To their credit, councillors last night voted to refuse (unanimously with Esakoff absent) the two controversial planning applications – ie 300 Glen Eira Road, and Wattle Grove McKinnon. Much was made of site coverage and permeability and the fact that the McKinnon application would directly overshadow a memorial park.

Yet, there was not one single word from any councillor regarding the ‘quality’ of the officer’s report. The most fascinating aspect involved several councillors claiming that the McKinnon plans did not meet the ‘standards’/’guidelines’ set down in the Open Space Strategy for developments abutting open space. The officer’s report on this component stated –

In relation to the assessment criteria in this strategy, the proposal:

Σ Fosters good access to the open space

Σ Provides passive surveillance over the open space

Σ Presents an appropriate residential interface envisaged under the strategy

Σ Maintains an appropriate level of direct sunlight during the winter solstice and equinox

Overall, it is considered that the proposal is consistent with the guidelines for development nearby open space

How the planning department can see something as ‘consistent’ and ‘appropriate’ with the ‘standards’/’guidelines’ and councillors the opposite needs investigation. Either the guidelines are so vague that they are useless, or there are plenty of hidden agendas.

One further question requires consideration. When council officers produce sub-standard reports who should be held accountable?  Who signs off on the report? Torres? McKenzie?

TREE PROTECTION (MAYBE?)

Following last night’s discussion on the consultation feedback on the significant tree register, we have major doubts as to whether this will eventually get up, or if it does, whether it will be so emasculated as to be practically worthless.  Magee, Strajt, and based on historical record, Esakoff, are firmly opposed to protecting trees on private land. This was made abundantly clear last night.

ABC STUDIOS

Another extraordinary motion put up by Delahunty and voted in unanimously regarding the ABC studios and council’s desire that the land not be sold and instead utilised for ‘community benefit’ – ie open space, affordable housing, heritage protection, etc.

Part of the motion included council’s possibility of employing the ‘compulsory acquisition’ component of legislation. Bluff and bluster in spades here and it certainly does not excuse years and years of inaction.

Council knew in 2013 and maybe earlier, that the site was up for sale. Where were Delahunty, Magee, Hyams and Esakoff then? Why has it taken 5 years for council to suddenly decide there is heritage value in the property? How on earth would council even dream of compulsory acquisition when it is forecast that the land will sell for $40 million?  The Commonwealth provided the ABC with $90 million for their relocation. The sale will recoup some of this money. If council proceeds with the threat of acquisition, then council is liable to pay the land value to the owners. Currently council is in hock up to its ears. The prospect of paying the land valuation price, plus legal fees is a pipe dream. So is, we suspect, the hope that either the federal or state government will forgo millions in handing over the land.

Bluff and bluster indeed. The tragedy is that for years and years this council sat on its backside and did nothing – as is so often their want!

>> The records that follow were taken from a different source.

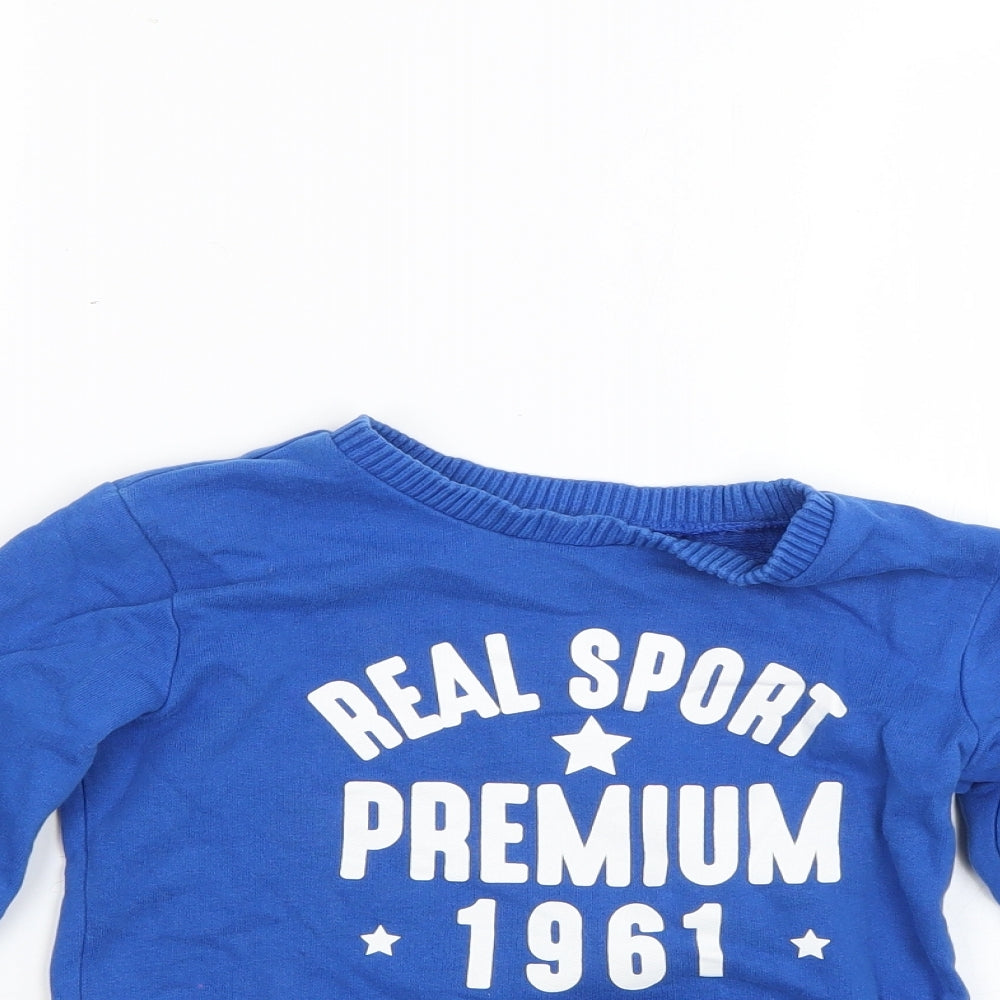 Mothercare Boys Pullover Jumper Size 6 Years Blue Round Neck Long Sleeve - close detail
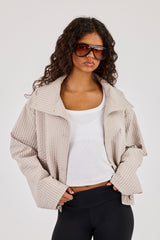 Crinkle Check Nylon Trench Jacket - Stone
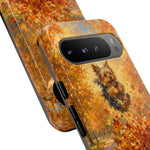 Yorkshire Terrier Jumping in Autumn Leaves Tough Case | Fall Dog Phone Cover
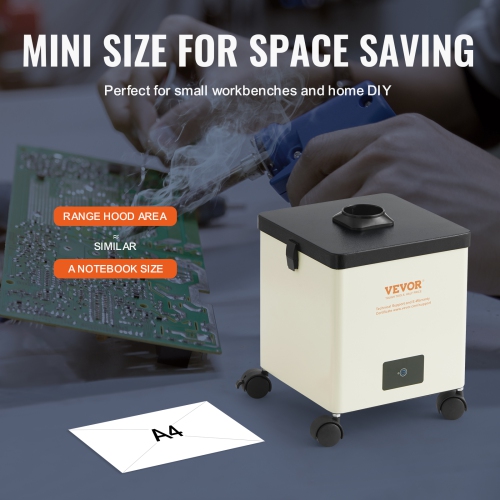VEVOR 100W Solder Fume Extractor, Soldering Smoke Extractor with 3-Stage Filters, 240 m³/h Strong Suction Smoke Absorber and Purifier for Soldering,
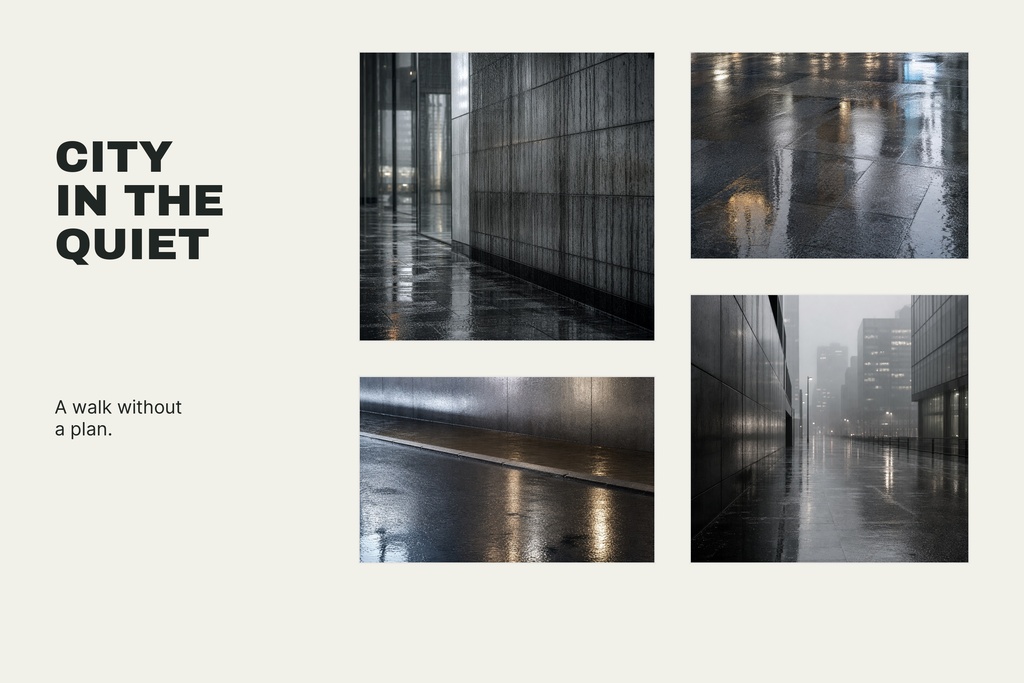 Preview for City In The Quiet Landscape Collage Template
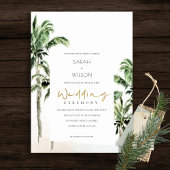 Rustic Tropical Beach Palm Trees Wedding Invite サンキューカード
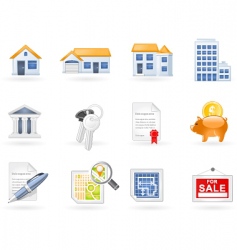 Real estate icon set vector image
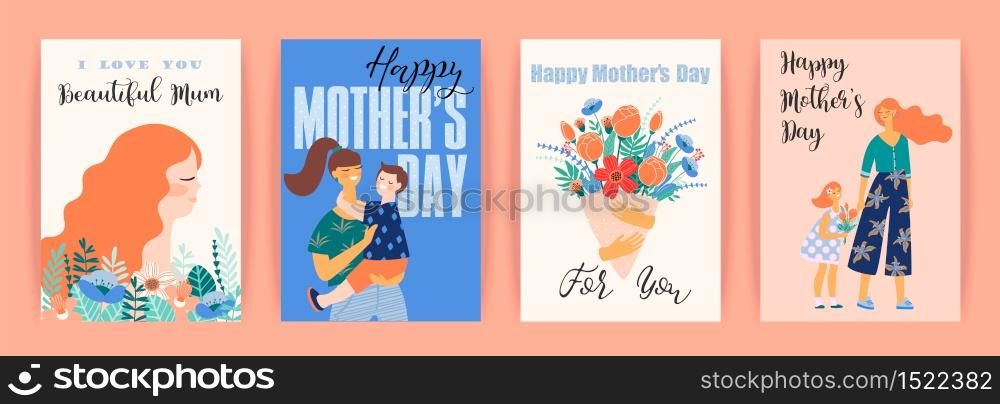 Happy Mothers Day. Vector templates with women and children. Design element for card, poster, banner, and other use.. Happy Mothers Day. Vector templates with women and children.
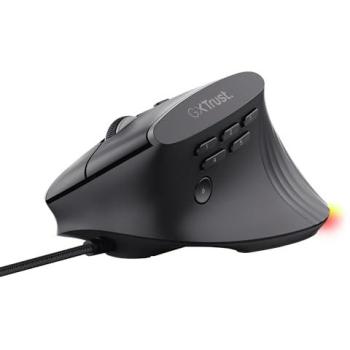 Ratón Gaming Ergonómico Trust GXT 145 Rexxa USB Tipo A, Iluminación RGB, 12800 DPI, 10 Botones Programables, Negro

Alarm bells should be ringing loud and clear following council’s report in the current agenda on results of the significant tree register consultation. Yes, there is acknowledgement that the vast majority of the feedback supports tree protection on both private and public land. The problem lies in what council proposes to do with this feedback and how it will be implemented, overseen, and what results are likely to emerge. Of course, the next question is WHEN will anything be done and will it be worth a cracker?

The recommendations read as follows:

That Council:

  1. notes that community consultation indicates support for tree protection on both public and private land.
  2. commits to developing controls to protect trees on private land.
  3. notes that officers have formed a set of objectives in response to community feedback to protect trees.
  4. requests officers to present a report with options for controls that best protect trees in line with the set of objectives.

All well and good (perhaps), until we get to the ‘objectives’ that have been set.

OBJECTIVE 1

Seek to strongly protect significant native trees on both public and private land as a matter of priority. 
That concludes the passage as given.